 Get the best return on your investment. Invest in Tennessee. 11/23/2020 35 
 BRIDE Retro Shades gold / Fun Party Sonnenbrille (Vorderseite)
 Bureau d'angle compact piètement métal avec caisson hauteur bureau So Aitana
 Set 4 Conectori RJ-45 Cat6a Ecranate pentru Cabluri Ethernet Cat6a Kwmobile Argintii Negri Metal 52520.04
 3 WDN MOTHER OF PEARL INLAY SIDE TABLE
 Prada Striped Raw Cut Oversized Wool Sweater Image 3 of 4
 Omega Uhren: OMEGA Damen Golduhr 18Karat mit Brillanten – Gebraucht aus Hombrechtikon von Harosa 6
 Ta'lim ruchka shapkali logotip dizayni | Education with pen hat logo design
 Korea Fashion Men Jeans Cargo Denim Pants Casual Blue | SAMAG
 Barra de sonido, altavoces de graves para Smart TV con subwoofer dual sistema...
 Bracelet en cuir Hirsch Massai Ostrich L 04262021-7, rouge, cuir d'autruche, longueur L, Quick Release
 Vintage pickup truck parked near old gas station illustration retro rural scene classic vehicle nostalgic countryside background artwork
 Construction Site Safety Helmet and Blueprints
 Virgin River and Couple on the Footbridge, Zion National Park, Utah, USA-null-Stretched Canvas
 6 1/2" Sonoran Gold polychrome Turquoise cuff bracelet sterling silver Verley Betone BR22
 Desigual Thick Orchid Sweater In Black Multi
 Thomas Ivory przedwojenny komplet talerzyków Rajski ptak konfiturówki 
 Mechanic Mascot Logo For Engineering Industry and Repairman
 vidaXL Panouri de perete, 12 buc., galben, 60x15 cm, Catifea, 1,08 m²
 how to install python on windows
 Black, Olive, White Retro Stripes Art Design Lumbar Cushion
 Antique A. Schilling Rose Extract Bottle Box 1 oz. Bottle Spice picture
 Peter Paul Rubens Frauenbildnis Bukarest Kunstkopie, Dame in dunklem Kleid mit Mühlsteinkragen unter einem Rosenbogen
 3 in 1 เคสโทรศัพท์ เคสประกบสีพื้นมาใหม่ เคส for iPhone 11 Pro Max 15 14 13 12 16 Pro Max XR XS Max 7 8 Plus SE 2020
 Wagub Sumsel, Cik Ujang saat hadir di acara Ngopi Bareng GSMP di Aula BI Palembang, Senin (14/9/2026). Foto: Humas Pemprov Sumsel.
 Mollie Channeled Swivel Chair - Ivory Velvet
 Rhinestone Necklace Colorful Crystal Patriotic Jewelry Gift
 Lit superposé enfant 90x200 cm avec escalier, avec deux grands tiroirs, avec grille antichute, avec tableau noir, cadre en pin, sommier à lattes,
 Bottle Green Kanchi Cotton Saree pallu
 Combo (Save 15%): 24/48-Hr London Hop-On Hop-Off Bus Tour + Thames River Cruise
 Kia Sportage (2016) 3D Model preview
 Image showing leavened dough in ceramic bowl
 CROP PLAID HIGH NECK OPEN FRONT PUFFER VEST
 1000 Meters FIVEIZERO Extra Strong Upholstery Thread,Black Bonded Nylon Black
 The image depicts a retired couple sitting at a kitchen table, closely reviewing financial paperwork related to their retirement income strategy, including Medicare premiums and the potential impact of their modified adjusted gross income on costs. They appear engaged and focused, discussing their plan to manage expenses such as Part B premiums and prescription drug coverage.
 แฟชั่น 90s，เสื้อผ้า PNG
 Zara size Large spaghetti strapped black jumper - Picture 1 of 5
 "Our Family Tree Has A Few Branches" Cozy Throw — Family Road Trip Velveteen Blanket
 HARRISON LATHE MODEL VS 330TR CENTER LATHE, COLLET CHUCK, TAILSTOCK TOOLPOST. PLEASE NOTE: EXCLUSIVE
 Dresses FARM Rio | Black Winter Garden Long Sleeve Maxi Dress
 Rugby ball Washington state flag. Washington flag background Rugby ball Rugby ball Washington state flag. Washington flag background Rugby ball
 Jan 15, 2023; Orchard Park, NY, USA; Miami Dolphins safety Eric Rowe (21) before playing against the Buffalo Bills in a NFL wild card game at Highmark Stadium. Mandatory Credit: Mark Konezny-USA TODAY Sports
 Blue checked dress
* * * *
* [Problem description]: From the records above, copy only the lines starting with the line that holds "Lit superposé enfant" and going on through the line that holds "1000 Meters FIVEIZERO", exactly as written.

* [Worked solution]:
 Lit superposé enfant 90x200 cm avec escalier, avec deux grands tiroirs, avec grille antichute, avec tableau noir, cadre en pin, sommier à lattes,
 Bottle Green Kanchi Cotton Saree pallu
 Combo (Save 15%): 24/48-Hr London Hop-On Hop-Off Bus Tour + Thames River Cruise
 Kia Sportage (2016) 3D Model preview
 Image showing leavened dough in ceramic bowl
 CROP PLAID HIGH NECK OPEN FRONT PUFFER VEST
 1000 Meters FIVEIZERO Extra Strong Upholstery Thread,Black Bonded Nylon Black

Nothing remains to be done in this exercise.